LOL, Marina - you figure out a way to stop it, sell your idea or product, and you will make your fortune! :biggrin1: I think a good number of us would pay to 'stop' the process known as blowing coat. It stops when it is good and ready, from all accounts.  In the meantime, we suck it up and deal with it, I guess. There are probably a number of us going through it right now. If I remember correctly, Roki is around the same age as Finn, who will be 1 on March 6, and there were several in this age group. I think it is when the adolescent or adult hair starts coming in and tangles with the baby hair? And, depending on the texture of the hair, some mat worse than others. Augie's hair is a lot more glassy than Finn's and his didn't mat as badly (or, like childbirth, I have forgotten until I am going through it again!). I do remember Augie matting quite horribly in his jowl area and around his feet. And it did seem to happen overnight. I also remember Augie's breeder telling us that the white and lighter dogs matted worse than the black ones. That does seem to be the case in our house. 

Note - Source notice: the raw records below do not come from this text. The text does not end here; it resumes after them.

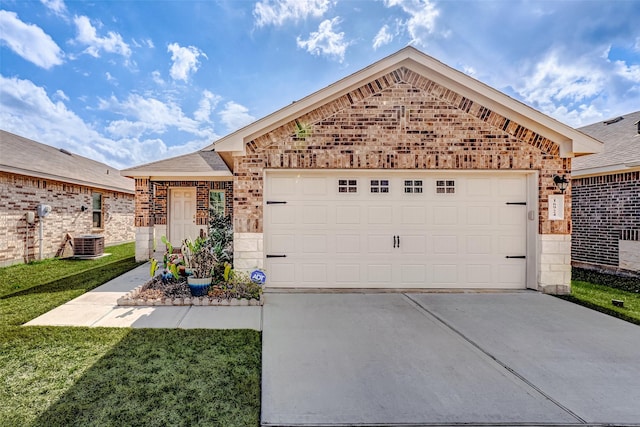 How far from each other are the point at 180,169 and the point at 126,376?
7899 mm

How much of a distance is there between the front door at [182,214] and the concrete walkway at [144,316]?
528cm

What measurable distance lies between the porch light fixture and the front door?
35.2ft

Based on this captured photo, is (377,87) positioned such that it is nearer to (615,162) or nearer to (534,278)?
(534,278)

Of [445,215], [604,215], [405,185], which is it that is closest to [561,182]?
[445,215]

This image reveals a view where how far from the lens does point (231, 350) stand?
3.50 m

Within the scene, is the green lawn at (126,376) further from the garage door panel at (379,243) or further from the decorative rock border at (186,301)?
the garage door panel at (379,243)

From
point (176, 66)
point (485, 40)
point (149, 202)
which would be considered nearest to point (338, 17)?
point (485, 40)

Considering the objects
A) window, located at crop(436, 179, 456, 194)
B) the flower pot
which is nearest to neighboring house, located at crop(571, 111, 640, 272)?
window, located at crop(436, 179, 456, 194)

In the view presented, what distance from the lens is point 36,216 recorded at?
31.3 feet

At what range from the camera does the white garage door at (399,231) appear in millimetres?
6297

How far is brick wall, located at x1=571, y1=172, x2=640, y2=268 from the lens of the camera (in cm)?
746

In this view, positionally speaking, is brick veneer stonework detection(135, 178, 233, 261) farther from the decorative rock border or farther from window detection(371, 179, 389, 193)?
window detection(371, 179, 389, 193)

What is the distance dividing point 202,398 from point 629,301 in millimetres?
7741

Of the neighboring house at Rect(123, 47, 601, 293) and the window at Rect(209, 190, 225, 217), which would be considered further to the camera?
the window at Rect(209, 190, 225, 217) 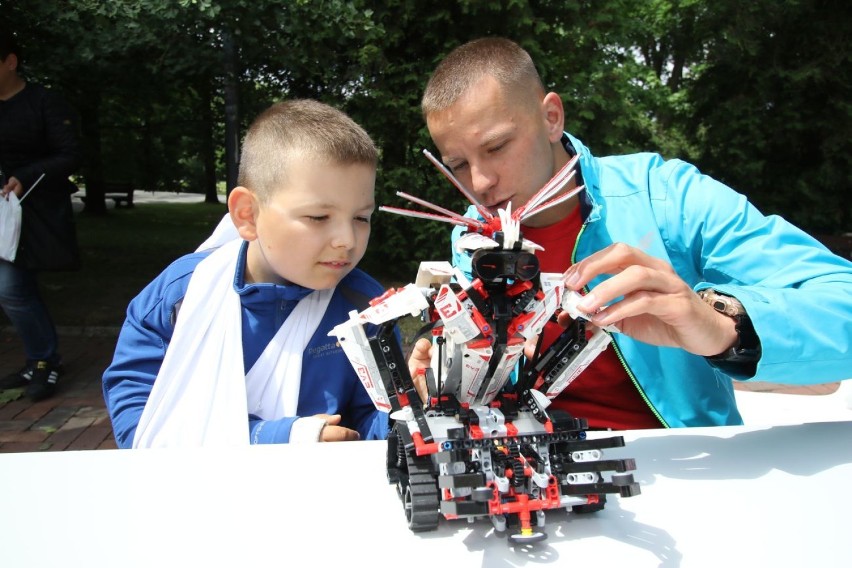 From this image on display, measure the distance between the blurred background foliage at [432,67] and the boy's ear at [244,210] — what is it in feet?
9.72

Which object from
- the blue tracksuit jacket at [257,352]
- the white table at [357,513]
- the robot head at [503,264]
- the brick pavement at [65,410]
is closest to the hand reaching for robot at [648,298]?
the robot head at [503,264]

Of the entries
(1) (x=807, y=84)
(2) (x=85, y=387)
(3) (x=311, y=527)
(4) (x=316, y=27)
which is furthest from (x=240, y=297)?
(1) (x=807, y=84)

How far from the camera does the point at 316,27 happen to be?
15.9 ft

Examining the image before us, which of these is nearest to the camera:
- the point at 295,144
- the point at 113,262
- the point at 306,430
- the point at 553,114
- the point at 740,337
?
the point at 740,337

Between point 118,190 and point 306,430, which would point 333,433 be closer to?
point 306,430

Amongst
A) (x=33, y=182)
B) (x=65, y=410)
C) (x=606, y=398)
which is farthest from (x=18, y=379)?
(x=606, y=398)

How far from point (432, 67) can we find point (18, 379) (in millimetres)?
4253

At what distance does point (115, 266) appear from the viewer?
303 inches

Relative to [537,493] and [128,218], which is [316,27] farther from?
[128,218]

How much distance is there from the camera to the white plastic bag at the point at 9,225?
364cm

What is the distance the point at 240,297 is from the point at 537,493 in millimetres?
991

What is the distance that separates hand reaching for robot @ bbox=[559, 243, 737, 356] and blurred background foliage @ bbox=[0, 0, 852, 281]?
149 inches

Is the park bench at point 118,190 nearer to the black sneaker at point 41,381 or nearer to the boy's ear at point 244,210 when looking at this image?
the black sneaker at point 41,381

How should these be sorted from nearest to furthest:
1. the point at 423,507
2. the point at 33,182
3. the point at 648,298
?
1. the point at 423,507
2. the point at 648,298
3. the point at 33,182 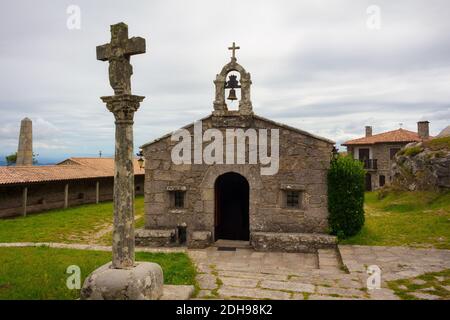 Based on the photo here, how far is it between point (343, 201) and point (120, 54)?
853 cm

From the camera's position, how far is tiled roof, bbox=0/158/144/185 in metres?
18.5

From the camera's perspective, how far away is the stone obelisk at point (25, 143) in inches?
1066

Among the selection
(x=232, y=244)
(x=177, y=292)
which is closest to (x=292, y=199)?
(x=232, y=244)

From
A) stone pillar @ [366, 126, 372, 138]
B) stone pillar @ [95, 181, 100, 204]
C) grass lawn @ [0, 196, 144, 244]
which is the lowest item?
A: grass lawn @ [0, 196, 144, 244]

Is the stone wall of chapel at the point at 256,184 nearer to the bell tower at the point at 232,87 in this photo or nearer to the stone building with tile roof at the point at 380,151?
the bell tower at the point at 232,87

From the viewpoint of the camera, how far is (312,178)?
11.8 m

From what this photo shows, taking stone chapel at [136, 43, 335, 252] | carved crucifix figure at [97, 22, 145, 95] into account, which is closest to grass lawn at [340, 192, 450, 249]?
stone chapel at [136, 43, 335, 252]

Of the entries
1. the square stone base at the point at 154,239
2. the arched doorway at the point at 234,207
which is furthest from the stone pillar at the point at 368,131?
the square stone base at the point at 154,239

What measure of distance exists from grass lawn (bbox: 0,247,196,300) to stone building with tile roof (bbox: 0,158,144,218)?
9368mm

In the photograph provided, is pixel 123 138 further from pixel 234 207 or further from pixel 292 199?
pixel 234 207

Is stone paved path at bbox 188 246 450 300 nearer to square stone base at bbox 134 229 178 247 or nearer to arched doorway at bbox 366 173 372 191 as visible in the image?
square stone base at bbox 134 229 178 247

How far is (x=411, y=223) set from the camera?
13.8m
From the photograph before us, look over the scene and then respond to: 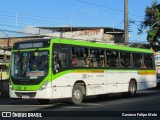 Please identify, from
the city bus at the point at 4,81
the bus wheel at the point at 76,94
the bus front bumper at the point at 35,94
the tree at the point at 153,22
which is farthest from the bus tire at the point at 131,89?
the tree at the point at 153,22

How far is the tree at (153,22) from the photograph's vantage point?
51584 mm

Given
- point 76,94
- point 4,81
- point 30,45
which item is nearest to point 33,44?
point 30,45

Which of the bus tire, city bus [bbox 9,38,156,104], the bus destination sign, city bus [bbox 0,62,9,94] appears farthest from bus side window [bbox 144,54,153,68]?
the bus destination sign

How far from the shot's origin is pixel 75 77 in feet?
62.8

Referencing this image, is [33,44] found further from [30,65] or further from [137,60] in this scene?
[137,60]

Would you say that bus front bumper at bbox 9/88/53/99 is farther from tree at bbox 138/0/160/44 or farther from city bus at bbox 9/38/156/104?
tree at bbox 138/0/160/44

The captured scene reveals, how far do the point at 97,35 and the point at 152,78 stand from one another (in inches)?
794

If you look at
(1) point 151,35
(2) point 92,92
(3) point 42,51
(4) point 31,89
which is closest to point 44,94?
(4) point 31,89

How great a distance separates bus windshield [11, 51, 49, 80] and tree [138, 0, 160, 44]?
3410cm

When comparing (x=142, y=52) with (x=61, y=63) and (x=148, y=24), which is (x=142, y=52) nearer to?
(x=61, y=63)

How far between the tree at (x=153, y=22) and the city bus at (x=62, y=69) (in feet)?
97.3

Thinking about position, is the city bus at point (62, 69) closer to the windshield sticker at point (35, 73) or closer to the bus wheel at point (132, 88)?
the windshield sticker at point (35, 73)

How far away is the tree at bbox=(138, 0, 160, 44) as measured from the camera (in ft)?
169

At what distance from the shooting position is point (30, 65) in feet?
59.6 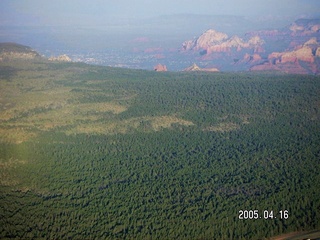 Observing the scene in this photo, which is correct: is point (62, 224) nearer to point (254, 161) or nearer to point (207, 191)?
point (207, 191)

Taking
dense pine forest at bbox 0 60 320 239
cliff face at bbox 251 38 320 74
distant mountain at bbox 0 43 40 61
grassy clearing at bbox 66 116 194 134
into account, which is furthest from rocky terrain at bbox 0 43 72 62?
cliff face at bbox 251 38 320 74

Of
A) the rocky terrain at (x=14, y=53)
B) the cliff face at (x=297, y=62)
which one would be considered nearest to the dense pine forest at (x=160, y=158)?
the rocky terrain at (x=14, y=53)

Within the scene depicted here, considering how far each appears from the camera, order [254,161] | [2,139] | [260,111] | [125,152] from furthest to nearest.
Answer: [260,111] < [2,139] < [125,152] < [254,161]

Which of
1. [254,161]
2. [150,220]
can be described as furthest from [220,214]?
[254,161]

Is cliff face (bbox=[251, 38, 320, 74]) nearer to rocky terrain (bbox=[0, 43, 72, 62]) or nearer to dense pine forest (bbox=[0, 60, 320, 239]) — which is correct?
dense pine forest (bbox=[0, 60, 320, 239])

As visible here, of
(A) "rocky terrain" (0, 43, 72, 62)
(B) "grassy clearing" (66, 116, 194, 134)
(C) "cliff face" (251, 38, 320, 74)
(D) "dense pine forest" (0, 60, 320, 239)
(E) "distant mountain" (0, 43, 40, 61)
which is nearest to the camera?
(D) "dense pine forest" (0, 60, 320, 239)

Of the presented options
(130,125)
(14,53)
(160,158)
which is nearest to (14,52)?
(14,53)

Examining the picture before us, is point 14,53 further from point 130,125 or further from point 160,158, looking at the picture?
point 160,158

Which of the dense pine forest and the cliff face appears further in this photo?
the cliff face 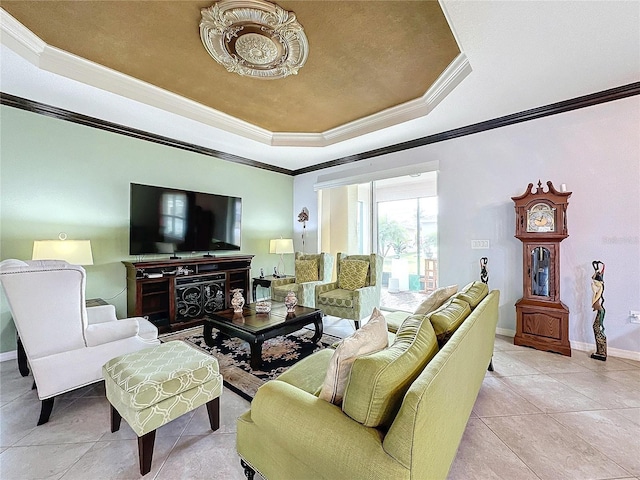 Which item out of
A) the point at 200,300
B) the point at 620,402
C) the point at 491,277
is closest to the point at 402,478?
the point at 620,402

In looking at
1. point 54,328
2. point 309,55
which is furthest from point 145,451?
point 309,55

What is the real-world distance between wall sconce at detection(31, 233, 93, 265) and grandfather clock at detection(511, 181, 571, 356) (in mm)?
4673

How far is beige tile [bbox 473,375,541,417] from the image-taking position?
1978 mm

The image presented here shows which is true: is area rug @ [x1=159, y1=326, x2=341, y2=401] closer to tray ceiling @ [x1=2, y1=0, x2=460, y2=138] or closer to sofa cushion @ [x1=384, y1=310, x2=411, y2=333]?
sofa cushion @ [x1=384, y1=310, x2=411, y2=333]

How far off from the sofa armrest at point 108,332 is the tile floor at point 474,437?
0.51 meters

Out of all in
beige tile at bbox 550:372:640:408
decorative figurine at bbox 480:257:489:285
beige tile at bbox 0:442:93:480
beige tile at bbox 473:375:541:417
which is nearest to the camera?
beige tile at bbox 0:442:93:480

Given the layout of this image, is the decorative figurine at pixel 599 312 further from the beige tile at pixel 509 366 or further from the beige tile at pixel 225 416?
the beige tile at pixel 225 416

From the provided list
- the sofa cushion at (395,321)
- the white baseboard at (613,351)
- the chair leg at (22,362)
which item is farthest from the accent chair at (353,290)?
the chair leg at (22,362)

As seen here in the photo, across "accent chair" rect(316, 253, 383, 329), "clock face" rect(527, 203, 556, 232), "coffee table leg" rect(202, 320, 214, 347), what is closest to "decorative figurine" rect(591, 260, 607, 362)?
"clock face" rect(527, 203, 556, 232)

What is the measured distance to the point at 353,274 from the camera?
4.13 metres

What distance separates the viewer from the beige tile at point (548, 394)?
2.03 m

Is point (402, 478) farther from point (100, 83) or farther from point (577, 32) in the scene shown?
point (100, 83)

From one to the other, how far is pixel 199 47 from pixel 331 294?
3041 mm

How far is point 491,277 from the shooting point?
11.9ft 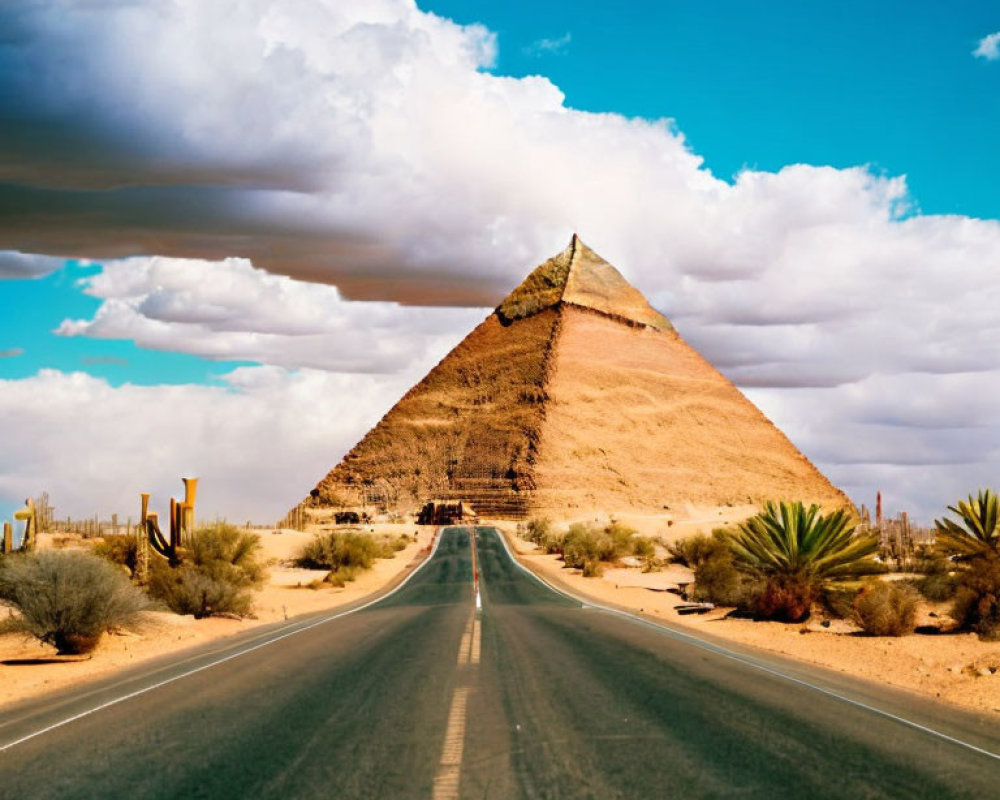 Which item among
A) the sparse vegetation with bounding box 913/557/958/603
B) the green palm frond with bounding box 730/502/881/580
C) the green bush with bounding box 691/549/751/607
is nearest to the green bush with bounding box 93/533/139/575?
the green bush with bounding box 691/549/751/607

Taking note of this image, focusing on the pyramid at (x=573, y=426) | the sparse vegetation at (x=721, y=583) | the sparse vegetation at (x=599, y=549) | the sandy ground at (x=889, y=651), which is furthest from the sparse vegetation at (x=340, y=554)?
the pyramid at (x=573, y=426)

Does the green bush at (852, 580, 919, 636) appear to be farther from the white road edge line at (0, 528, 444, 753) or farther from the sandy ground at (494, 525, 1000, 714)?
the white road edge line at (0, 528, 444, 753)

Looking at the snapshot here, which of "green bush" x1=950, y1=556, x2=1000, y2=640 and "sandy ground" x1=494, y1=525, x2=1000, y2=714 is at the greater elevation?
"green bush" x1=950, y1=556, x2=1000, y2=640

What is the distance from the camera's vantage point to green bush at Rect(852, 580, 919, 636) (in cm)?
1798

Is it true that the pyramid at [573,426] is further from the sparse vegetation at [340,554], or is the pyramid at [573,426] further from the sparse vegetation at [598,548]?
the sparse vegetation at [340,554]

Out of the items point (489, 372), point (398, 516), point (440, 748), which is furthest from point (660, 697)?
point (489, 372)

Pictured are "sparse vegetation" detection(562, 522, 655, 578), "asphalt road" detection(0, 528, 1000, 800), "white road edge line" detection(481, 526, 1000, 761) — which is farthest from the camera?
"sparse vegetation" detection(562, 522, 655, 578)

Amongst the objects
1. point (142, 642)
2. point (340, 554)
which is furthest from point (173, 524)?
point (340, 554)

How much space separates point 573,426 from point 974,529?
12484 centimetres

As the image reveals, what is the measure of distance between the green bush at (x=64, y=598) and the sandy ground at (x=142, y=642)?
1.39 ft

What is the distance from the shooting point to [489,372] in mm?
165750

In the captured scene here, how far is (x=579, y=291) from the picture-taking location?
6727 inches

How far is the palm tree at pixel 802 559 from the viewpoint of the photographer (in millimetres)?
20766

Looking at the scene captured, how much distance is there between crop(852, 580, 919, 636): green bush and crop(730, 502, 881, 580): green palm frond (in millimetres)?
1471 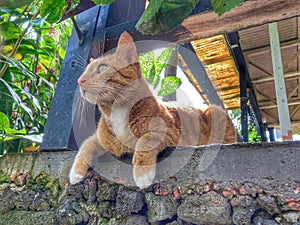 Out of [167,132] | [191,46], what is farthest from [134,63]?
[191,46]

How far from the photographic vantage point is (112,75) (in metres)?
1.06

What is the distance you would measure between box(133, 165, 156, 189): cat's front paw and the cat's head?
1.01 ft

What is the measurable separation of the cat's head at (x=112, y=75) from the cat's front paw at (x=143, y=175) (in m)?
0.31

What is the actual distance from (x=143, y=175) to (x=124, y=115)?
0.86 ft

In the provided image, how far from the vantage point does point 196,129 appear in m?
1.24

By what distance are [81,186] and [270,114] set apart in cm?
421

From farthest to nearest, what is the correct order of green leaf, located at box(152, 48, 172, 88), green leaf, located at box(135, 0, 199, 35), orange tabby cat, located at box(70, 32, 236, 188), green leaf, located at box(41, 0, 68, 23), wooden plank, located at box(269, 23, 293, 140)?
wooden plank, located at box(269, 23, 293, 140) < green leaf, located at box(152, 48, 172, 88) < orange tabby cat, located at box(70, 32, 236, 188) < green leaf, located at box(41, 0, 68, 23) < green leaf, located at box(135, 0, 199, 35)

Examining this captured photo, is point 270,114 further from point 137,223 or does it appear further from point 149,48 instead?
point 137,223

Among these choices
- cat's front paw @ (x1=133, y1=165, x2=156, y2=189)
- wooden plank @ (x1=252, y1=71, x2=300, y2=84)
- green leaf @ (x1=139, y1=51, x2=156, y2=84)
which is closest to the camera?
cat's front paw @ (x1=133, y1=165, x2=156, y2=189)

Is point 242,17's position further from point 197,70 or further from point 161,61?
point 197,70

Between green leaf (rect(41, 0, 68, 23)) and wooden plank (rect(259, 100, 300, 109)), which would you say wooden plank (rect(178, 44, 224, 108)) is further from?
green leaf (rect(41, 0, 68, 23))

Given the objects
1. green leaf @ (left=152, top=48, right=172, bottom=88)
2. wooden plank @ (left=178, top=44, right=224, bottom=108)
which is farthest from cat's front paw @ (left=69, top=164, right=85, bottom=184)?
wooden plank @ (left=178, top=44, right=224, bottom=108)

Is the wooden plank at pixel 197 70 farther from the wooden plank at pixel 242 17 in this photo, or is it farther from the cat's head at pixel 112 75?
the cat's head at pixel 112 75

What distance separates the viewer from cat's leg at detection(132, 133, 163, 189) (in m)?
0.85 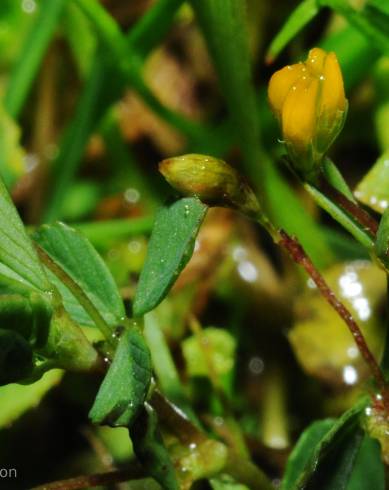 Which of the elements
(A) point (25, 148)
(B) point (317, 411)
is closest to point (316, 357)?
(B) point (317, 411)

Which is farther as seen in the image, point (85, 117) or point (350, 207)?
point (85, 117)

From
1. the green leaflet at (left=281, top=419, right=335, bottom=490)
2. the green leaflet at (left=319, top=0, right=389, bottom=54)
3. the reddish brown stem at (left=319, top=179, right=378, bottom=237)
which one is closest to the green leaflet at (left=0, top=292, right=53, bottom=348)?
the reddish brown stem at (left=319, top=179, right=378, bottom=237)

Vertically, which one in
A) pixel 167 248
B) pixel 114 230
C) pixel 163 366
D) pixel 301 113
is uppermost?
pixel 301 113

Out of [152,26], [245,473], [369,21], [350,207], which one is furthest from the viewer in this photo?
[152,26]

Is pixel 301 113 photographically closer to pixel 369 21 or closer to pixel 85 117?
pixel 369 21

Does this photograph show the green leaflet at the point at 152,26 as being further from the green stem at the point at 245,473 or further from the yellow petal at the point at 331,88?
the green stem at the point at 245,473

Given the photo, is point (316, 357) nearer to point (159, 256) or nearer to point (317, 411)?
point (317, 411)

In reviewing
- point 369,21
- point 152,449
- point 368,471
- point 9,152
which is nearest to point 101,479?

We went through a couple of weeks with a lot of matting around Finn's ears and front of his shoulders. Those areas seem to be better now, but his fanny and flank areas - what a mess. Oh, and his stomach. I haven't noticed anything along the spine yet, so that is probably still coming. I am also convinced that the dog stressing while being groomed does NOT help when they are blowing coat, although Finn has been doing some better with that the last day or two. Not struggling as bad or panting as much. And, as some others have mentioned on other threads, it seemed to be worse the day following his bath. Two days after the bath, it combed out easier and the cornstarch seemed to help a lot. 

Do you use a conditioner as well as the IOD Evening Primrose shampoo and grooming spray, Marina?


----------



## The Laughing Magpie (Aug 20, 2009)

One of the products I use if one of my dogs has more tangling/matting then usual is "Ultimate Detangling Spray" by Crown Royale, I spray after the final rinse, let them set in the tub for 3 to 5 mins., then after I blot them I brush them out and spot spray the matted areas. I always brush them out before a bath but, if they have been scratching, tracking, or been boarded with the Vet for a week, they have extra matts. I always use corn starch for mats when I dry brush been using for year.


----------



## rokipiki (Oct 15, 2010)

Yes I use Heavy management IOD conditoner (diluted in water 1:10). I bathe him in shampoo (10 mins), rinse, put conditioner, rinse, towel him, spray IOD Isle Strengthen spray and blow dry (he really hates that). I use evening primrose spray for daily brushing! 

And yes, day after bath is the worst! Roki is two now - still blowing coat? As a matter of fact, everthing strated three weeks ago with EXTREMELY cold weather outside! LOL And guess what - he doesn't mind brushing and combing right side of his body (falls asleep), but when it comes to left side - real battle. I can also brush and comb his hind paws as much as I like, but front ones - no, no! He became an artist in hiding them! 
I do not think that matting has to do a lot with colour - have seen black and chocolate matted havas. Roki's father is mostly black an he matts.

Marina &Roki


----------



## motherslittlehelper (Mar 18, 2010)

Well, I certainly had Roki's age remembered incorrectly! Augie went through about three sessions of blowing coat - the initial one was the worst and lasted longer. His first one wasn't until around 14 months or so, and I do not remember when the other two happened any more - just that they did happen. Since Finn arrived, everything is kind of a blur!! :biggrin1: I am sure it is probably more the texture of the hair that makes a difference and maybe with Augie's breeder's dogs, the lighter ones are more cotton-like? 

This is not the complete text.